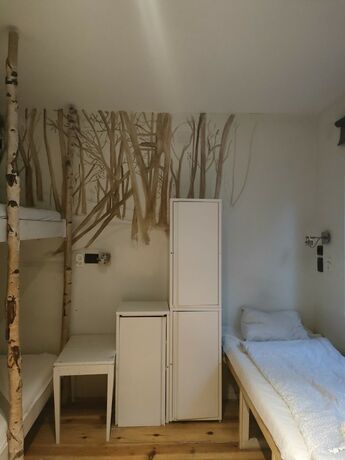 Imagen de la habitación del Hotel ArkaBarka Floating Hostel and Apartments. Foto 13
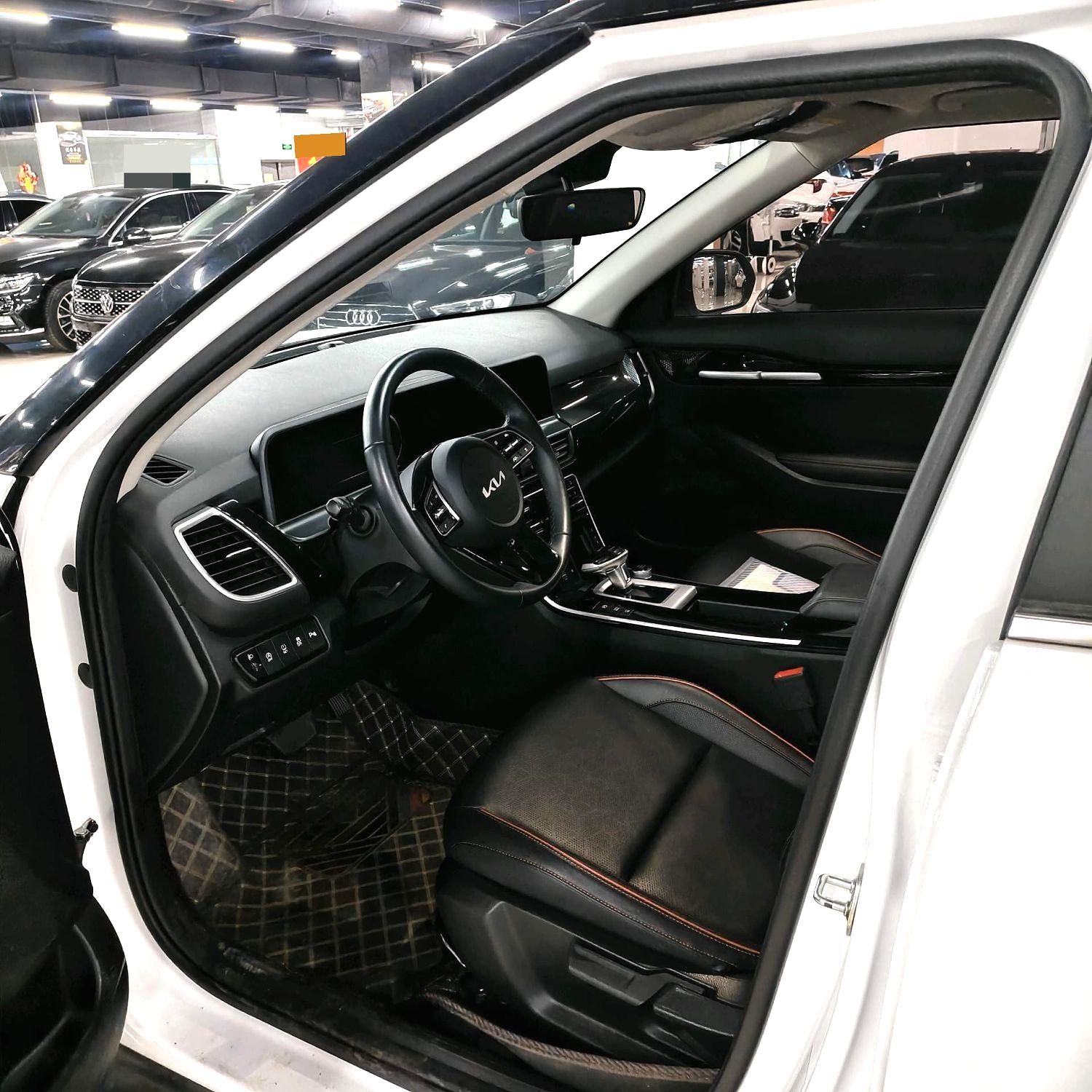 Kia Seltos 2023 immagine di auto #4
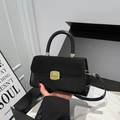 Borsa a tracolla retrò nera in pelle opaca e liscia con chiusura in metallo dorato - Nero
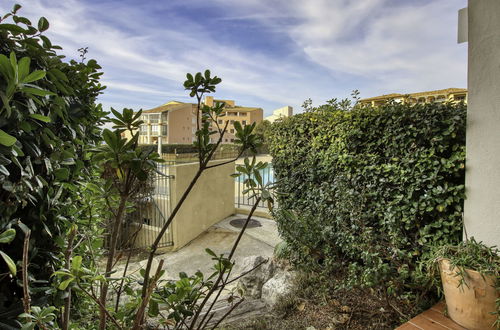 Foto 23 - Appartamento con 1 camera da letto a Six-Fours-les-Plages con piscina e giardino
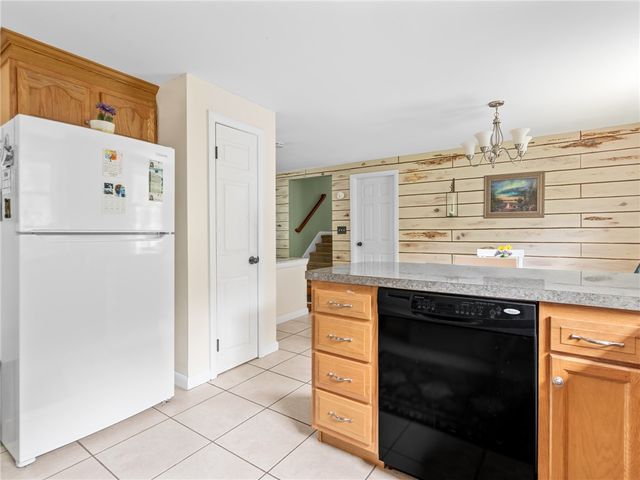 860 Centerville Road, Warwick, RI 02886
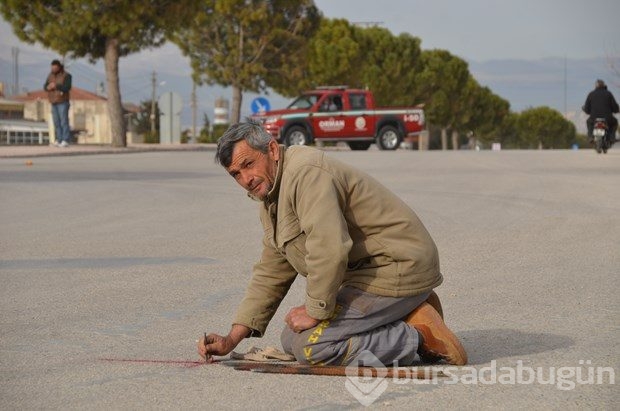 Arazilerinden geçen yolu TIR'larla trafiğe kapattılar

=-=-=

• [GOAL OF THE EXERCISE]: Retype, word for word, the lines from the one with "Borsa a tracolla" through the last line of the entries above, and only those lines. Leave pictures out.

• [RESULT BELOW]:
 Borsa a tracolla retrò nera in pelle opaca e liscia con chiusura in metallo dorato - Nero
 Foto 23 - Appartamento con 1 camera da letto a Six-Fours-les-Plages con piscina e giardino
 860 Centerville Road, Warwick, RI 02886
 Arazilerinden geçen yolu TIR'larla trafiğe kapattılar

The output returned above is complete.